Rights and Wrongs: A Constitution Day Conference at San Francisco State University

September 18-19, 2023

San Francisco State University has a proud tradition of sponsoring Constitution and Citizenship Day conferences, which provides opportunities to reflect critically on the past, present and future of constitutional rights, freedoms, citizenship, democracy, equality and justice. This year’s conference will feature two keynote speakers who will help us commemorate the 50th anniversary of San Antonio Independent School District v. Rodriguez (1973) and the 200th anniversary of Johnson v. M’Intosh (1823).

Further details about the conference program will be announced in the coming weeks. The conference coordinator is Marc Stein, Jamie and Phyllis Pasker Professor of History (marcs@sfsu.edu). 

Rights and Wrongs Conference poster

Keynote Speakers

Rachel F. Moran, Professor of Law at Texas A&M Univ. School of Law

Rachel F. Moran

Rachel F. Moran will present “The Right to Education and the Road Not Taken.” Moran is Professor of Law at Texas A&M Univ. School of Law.  Prior to that, she was Distinguished and Chancellor’s Professor of Law at UC Irvine School of Law, Michael J. Connell Distinguished Professor of Law and Dean Emerita at UCLA Law, and the Robert D. and Leslie-Kay Raven Professor of Law at Berkeley Law. She helped to found the UC Irvine law school in 2008. Moran has written over 100 articles and chapters exploring bilingual education, desegregation, affirmative action, and other topics. She is the author of Interracial Intimacy (U. Chicago Press, 2001), co-editor of Race Law Stories (Foundation, 2008), and co-author of Educational Policy and the Law (Cengage, 2011). As the inaugural Neukom Fellows Research Chair in Diversity and Law at the American Bar Foundation (ABF), she helped launch an initiative on "The Future of Latinos in the United States: Law, Opportunity, and Mobility." Moran is a member of the American Law Institute and the ABF, a member of the Board of Trustees for the Law and Society Association, and Past President of the Association of American Law Schools (AALS).

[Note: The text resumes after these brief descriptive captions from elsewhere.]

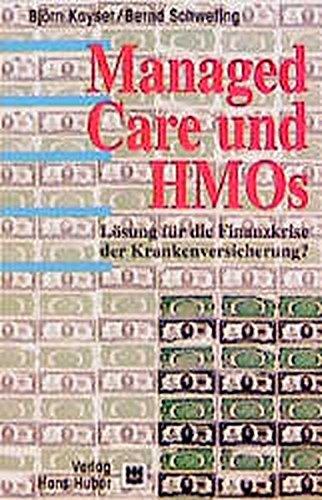 Managed Care und HMOs: Lösung für die Finanzkrise der Krankenversicherung?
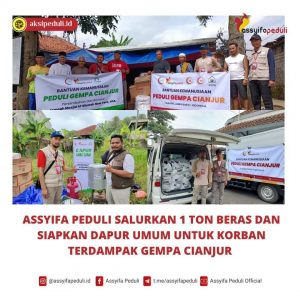 Assyifa Peduli Salurkan 1 Ton Beras dan Siapkan Dapur Umum untuk Korban Terdampak Gempa Cianjur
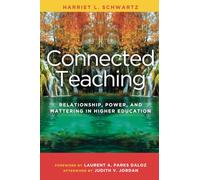Connected Teaching: Relationship, Power, and Mattering in Higher Education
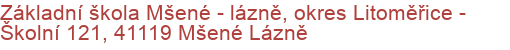 Základní škola Mšené - lázně, okres Litoměřice - Školní 121, 41119 Mšené Lázně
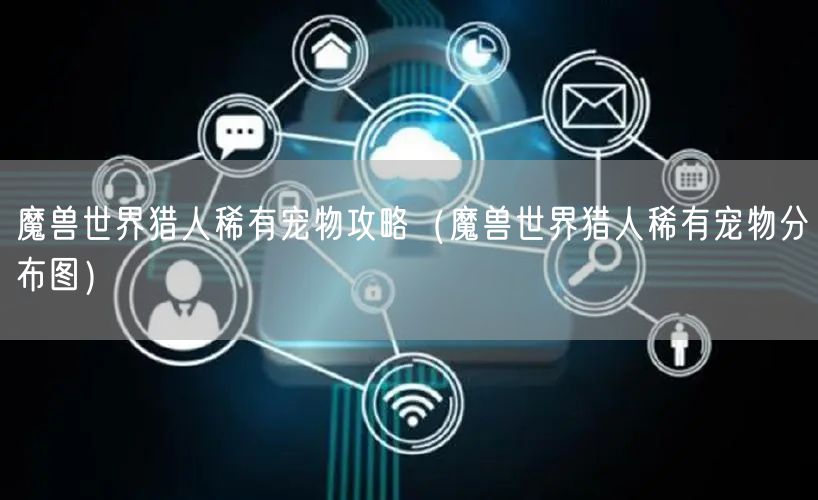 魔兽世界猎人稀有宠物攻略（魔兽世界猎人稀有宠物分布图）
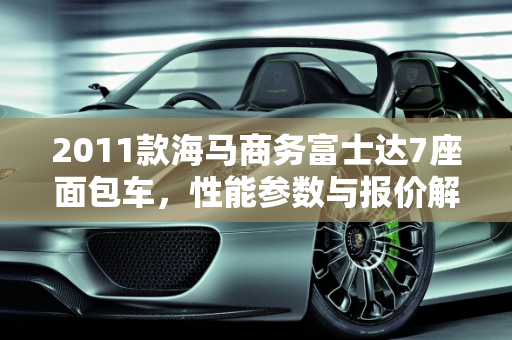 2011款海马商务富士达7座面包车，性能参数与报价解析,2011海马商务富士达7座面包参数，海马面包汽车报价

Kristen Carpenter, Council Tree Professor of Law and Director of the American Indian Law Program at the Univ. of Colorado Law School

Kristen Carpenter

Kristen Carpenter will present “Indigenous Lands and Human Rights in the United States.” Carpenter is the Council Tree Professor of Law and Director of the American Indian Law Program at the Univ. of Colorado Law School. She served as chair and member of the United Nations Expert Mechanism on the Rights of Indigenous Peoples from 2017 to 2021. With colleagues at the Native American Rights Fund, Carpenter serves as co-director of The Implementation Project, which advances the UN Declaration on the Rights of Indigenous Peoples through education and advocacy. She also serves as a Justice of the Shawnee Tribe Supreme Court. The author of many academic articles and several books, her recent works include “‘Aspirations’ and Indigenous Peoples’ Human Rights in the United States (Harvard Human Rights Journal, 2023); “Living the Sacred: Indigenous Peoples and Religious Freedom” (Harvard Law Review, 2021), and “Indigenous Peoples and Diplomacy on the World Stage” (American Journal of International Law, 2021). Carpenter is a co-author of Cases and Materials on Federal Indian Law (7th ed., 2017). Carpenter has been a visiting professor at Harvard Law School and is an elected member of the American Law Institute. She is a graduate of Dartmouth College and Harvard Law School.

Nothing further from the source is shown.